2020-01-27 13:22:36

by Peter Ujfalusi

[permalink] [raw]
Subject: [PATCH for-next 0/4] dmaengine: ti: k3-udma: Updates for next

Hi Vinod,

Based on customer reports we have identified two issues with the UDMA driver:

TX completion (1st patch):
The scheduled work based workaround for checking for completion worked well for
UART, but it had significant impact on SPI performance.
The underlying issue is coming from the fact that we have split data movement
architecture.
In order to know that the transfer is really done we need to check the remote
end's (PDMA) byte counter.

RX channel teardown with stale data in PDMA (2nd patch):
If we try to stop the RX DMA channel (teardown) then PDMA is trying to flush the
data is might received from a peripheral, but if UDMA does not have a packet to
use for this draining than it is going to push back on the PDMA and the flush
will never completes.
The workaround is to use a dummy descriptor for flush purposes when the channel
is terminated and we did not have active transfer (no descriptor for UDMA).
This allows UDMA to drain the data and the teardown can complete.

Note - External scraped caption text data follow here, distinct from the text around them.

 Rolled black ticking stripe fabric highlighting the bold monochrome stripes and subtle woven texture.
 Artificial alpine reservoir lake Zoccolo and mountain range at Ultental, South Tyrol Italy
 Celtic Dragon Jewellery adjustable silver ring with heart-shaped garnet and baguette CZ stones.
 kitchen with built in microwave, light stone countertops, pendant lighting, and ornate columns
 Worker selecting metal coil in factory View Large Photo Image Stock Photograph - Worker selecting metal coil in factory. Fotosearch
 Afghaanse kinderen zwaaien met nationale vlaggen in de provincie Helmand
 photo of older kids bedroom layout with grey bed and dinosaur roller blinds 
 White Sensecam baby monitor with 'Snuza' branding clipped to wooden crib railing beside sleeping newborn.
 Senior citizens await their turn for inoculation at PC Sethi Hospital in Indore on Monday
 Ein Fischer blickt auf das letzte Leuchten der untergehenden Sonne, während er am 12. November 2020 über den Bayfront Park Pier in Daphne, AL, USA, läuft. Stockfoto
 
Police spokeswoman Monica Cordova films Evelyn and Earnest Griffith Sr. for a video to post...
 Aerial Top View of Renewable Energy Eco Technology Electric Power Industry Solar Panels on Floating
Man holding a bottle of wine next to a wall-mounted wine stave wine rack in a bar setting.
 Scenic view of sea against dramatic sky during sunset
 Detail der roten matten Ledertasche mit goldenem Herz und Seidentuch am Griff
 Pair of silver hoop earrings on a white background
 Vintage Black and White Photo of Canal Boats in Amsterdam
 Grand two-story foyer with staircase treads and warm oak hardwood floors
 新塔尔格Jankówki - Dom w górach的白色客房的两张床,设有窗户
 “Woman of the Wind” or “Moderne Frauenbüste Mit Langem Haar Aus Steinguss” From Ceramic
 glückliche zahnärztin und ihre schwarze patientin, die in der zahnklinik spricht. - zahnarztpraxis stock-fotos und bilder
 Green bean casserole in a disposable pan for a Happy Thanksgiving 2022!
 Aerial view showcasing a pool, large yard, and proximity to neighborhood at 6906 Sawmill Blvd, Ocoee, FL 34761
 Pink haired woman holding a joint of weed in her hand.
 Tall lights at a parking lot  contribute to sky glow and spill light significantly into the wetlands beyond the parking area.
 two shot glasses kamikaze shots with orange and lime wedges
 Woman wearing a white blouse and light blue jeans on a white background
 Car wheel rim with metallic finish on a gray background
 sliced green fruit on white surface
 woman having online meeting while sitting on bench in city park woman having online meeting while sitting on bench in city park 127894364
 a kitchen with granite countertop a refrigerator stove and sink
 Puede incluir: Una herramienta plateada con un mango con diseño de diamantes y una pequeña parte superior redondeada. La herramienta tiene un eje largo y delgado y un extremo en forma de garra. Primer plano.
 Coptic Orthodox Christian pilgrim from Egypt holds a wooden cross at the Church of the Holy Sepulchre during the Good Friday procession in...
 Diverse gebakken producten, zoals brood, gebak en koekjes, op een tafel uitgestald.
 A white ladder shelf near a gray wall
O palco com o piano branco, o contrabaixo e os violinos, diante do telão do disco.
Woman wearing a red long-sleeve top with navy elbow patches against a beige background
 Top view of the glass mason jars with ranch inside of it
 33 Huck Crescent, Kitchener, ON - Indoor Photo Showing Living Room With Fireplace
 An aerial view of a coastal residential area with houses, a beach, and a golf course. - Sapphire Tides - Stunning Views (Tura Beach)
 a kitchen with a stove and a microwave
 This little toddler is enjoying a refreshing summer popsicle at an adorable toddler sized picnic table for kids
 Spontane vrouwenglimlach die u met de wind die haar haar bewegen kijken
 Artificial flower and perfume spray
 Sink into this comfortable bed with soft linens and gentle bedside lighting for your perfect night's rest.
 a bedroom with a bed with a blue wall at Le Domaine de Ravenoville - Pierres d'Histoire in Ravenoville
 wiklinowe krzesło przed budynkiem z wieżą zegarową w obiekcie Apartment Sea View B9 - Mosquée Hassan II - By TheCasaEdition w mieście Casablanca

The last two patch is to use common code to set up the TR parameters for
slave_sg, cyclic and memcpy. The setup code is the same as we used for memcpy
with the change we can handle 4.2GB sg elements and periods in case of cyclic.
It is also nice that we have single function to do the configuration.

Regards,
Peter
---
Peter Ujfalusi (3):
dmaengine: ti: k3-udma: Workaround for RX teardown with stale data in
peer
dmaengine: ti: k3-udma: Move the TR counter calculation to helper
function
dmaengine: ti: k3-udma: Use the TR counter helper for slave_sg and
cyclic

Vignesh Raghavendra (1):
dmaengine: ti: k3-udma: Use ktime/usleep_range based TX completion
check

drivers/dma/ti/k3-udma.c | 452 +++++++++++++++++++++++++++++----------
1 file changed, 343 insertions(+), 109 deletions(-)

--
Peter

Texas Instruments Finland Oy, Porkkalankatu 22, 00180 Helsinki.
Y-tunnus/Business ID: 0615521-4. Kotipaikka/Domicile: Helsinki


2020-01-27 13:23:16

by Peter Ujfalusi

[permalink] [raw]
Subject: [PATCH for-next 4/4] dmaengine: ti: k3-udma: Use the TR counter helper for slave_sg and cyclic

Use the generic TR setup function to get the TR counters for both cyclic
and slave_sg transfers.
This way the period_size for cyclic and sg_dma_len() for slave_sg can be
as large as (SZ_64K - 1) * (SZ_64K - 1) and we can handle cases when the
length is >SZ_64K and a prime number.

Signed-off-by: Peter Ujfalusi <[email protected]>
---
drivers/dma/ti/k3-udma.c | 130 ++++++++++++++++++++++++++-------------
1 file changed, 88 insertions(+), 42 deletions(-)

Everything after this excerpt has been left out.